The Unanswered Question

Charles Ives


About the Composer



About the Music

Originally written around the same time that Ives began to conceive Three Places in New England, The Unanswered Question was later revised between 1930-35 before It received its premiere in New York on May 11, 1946 (nearly forty years later the original version would be premiered in New York on March 17, 1984). Like Three Places, The Unanswered Question is another product of the period of musical creativity and experimentation that followed his marriage to Harmony Twitchell in 1908. It is arguably the most frequently performed instrumental work from that period. 

In his Memos Ives wrote “Around this time, running from say 1906 . . . up to about 1912-14 or so, thinks like All the Way Around and Back, The Gong on the hook and Ladder . . . The Unanswered Question, etc. were made. Some of them were played— or better tried out— usually ending in a fight or hiss . . . I must say that many of those things were started as kinds [of] studies, or rather trying out sounds, beats, etc., usually by what is called politely “improvisations on the keyboard”— what classmates in the flat called “resident disturbances.”

In The Unanswered Question Ives weaves together three unique and independent sonic levels.
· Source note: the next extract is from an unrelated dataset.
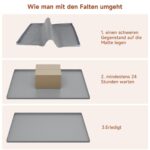 Pawinner Katzenstreu Matte 80x56cm Silikon – Wasserdicht & rutschfest für saubere Böden – Bild 8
Each of them has its own instrumentation, melodic style and rhythmic footprint. The three layers overlap in a loosely controlled manner and effectively create an experimentation with polytonality and atonality, meaning the music lacks a single tonal center or a tonal center at all. Throughout the short work, the strings whisper at a ppp dynamic the entire time to represent “The Silence of the Druids— Who Know, See, an Hear Nothing.” The trumpet echoes with “The Perennial Question of Existence” and a quartet of woodwinds reply as “Fighting Answerers.” After a heightened climax, as the woodwinds frantically search for an answer, the trumpets “Question” persists; however, in its final utterance it is met with a silent “Undisturbed Solitude.”